### DATA
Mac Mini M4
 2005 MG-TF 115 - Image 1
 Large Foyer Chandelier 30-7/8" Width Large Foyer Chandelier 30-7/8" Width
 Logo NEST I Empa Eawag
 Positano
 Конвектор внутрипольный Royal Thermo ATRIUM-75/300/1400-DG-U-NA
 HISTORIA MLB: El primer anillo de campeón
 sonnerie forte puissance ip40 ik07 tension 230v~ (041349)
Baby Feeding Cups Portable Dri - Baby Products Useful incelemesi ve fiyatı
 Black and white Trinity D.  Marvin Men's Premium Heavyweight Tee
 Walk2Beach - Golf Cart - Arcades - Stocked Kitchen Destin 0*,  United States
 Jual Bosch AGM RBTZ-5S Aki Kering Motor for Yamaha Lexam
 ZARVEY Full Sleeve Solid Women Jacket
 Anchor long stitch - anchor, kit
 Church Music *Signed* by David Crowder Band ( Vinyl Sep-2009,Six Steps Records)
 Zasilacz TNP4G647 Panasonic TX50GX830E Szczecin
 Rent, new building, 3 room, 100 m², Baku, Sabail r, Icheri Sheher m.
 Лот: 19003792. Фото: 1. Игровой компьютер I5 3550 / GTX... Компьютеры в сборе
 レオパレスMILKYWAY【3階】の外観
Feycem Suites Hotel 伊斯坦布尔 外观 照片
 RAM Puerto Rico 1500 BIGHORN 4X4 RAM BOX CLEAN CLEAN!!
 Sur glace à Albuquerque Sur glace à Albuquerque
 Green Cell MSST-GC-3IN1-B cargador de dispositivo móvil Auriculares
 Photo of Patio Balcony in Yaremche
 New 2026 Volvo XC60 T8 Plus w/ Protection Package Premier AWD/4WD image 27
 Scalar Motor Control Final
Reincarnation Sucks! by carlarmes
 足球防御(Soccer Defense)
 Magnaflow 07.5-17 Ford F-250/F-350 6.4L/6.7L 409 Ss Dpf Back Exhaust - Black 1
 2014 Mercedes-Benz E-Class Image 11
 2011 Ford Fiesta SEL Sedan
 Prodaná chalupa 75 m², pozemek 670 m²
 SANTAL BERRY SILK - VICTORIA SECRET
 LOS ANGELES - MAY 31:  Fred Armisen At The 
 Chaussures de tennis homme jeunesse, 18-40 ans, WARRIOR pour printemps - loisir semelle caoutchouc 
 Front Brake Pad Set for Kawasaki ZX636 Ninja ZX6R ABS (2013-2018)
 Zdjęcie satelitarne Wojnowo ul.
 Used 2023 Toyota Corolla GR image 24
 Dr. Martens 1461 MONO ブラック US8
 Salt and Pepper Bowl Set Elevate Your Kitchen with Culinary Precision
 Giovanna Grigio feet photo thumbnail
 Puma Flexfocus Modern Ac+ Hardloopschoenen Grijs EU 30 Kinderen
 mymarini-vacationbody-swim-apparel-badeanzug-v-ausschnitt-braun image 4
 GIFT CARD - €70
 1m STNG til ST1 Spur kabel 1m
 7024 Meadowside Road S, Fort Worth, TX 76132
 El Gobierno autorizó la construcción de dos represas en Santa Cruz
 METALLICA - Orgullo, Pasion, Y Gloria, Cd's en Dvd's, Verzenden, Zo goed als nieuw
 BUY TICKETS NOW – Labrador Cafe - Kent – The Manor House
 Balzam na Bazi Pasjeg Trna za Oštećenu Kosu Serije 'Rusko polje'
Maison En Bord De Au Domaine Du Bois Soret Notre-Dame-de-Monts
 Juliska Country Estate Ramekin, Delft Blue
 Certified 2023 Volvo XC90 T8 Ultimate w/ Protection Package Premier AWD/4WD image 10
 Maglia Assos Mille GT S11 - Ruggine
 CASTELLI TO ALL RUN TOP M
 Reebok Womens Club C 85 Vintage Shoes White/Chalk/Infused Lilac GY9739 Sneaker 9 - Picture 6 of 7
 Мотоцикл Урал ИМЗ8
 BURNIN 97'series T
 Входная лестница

### TASK PROMPT
The answer must be every line of the listing that holds the word "Package".

### WRITTEN SOLUTION
 New 2026 Volvo XC60 T8 Plus w/ Protection Package Premier AWD/4WD image 27
 Certified 2023 Volvo XC90 T8 Ultimate w/ Protection Package Premier AWD/4WD image 10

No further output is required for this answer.